Range to output from the entries below: the line containing "Uchwyt dystansowy końcowy" through the line containing "Twist Midi Dress". Set it down exactly, ends included, nothing else.
++++ Input material ++++
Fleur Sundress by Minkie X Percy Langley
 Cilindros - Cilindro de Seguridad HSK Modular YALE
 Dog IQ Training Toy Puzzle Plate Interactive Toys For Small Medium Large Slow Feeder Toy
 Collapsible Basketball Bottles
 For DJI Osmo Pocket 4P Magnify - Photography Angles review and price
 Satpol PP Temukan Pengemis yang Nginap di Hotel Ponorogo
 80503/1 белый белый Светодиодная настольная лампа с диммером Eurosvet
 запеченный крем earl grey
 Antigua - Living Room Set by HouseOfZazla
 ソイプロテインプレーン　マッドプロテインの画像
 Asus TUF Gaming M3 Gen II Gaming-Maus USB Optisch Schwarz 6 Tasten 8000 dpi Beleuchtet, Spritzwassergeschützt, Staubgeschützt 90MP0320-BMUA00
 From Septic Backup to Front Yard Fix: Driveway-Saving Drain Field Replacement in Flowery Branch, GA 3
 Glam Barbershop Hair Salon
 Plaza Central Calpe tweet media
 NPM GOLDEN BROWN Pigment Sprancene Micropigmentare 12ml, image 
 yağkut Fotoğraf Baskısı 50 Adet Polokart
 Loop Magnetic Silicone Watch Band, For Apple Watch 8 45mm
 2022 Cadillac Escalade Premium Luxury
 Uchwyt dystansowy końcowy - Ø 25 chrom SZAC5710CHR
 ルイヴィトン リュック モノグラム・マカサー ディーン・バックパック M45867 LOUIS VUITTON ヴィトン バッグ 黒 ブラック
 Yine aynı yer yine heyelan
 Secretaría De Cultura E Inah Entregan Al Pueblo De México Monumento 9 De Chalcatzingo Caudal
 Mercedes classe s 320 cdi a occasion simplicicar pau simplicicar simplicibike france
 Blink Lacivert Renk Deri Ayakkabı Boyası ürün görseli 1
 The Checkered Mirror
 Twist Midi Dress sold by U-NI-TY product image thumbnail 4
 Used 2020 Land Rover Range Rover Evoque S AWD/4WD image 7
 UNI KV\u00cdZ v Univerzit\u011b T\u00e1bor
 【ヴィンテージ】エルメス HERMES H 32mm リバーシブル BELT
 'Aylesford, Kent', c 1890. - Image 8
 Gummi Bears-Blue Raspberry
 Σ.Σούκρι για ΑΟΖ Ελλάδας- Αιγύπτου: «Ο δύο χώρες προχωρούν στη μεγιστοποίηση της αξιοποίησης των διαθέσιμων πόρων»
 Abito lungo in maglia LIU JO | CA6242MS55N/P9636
++++
**Answer to this task**
 Uchwyt dystansowy końcowy - Ø 25 chrom SZAC5710CHR
 ルイヴィトン リュック モノグラム・マカサー ディーン・バックパック M45867 LOUIS VUITTON ヴィトン バッグ 黒 ブラック
 Yine aynı yer yine heyelan
 Secretaría De Cultura E Inah Entregan Al Pueblo De México Monumento 9 De Chalcatzingo Caudal
 Mercedes classe s 320 cdi a occasion simplicicar pau simplicicar simplicibike france
 Blink Lacivert Renk Deri Ayakkabı Boyası ürün görseli 1
 The Checkered Mirror
 Twist Midi Dress sold by U-NI-TY product image thumbnail 4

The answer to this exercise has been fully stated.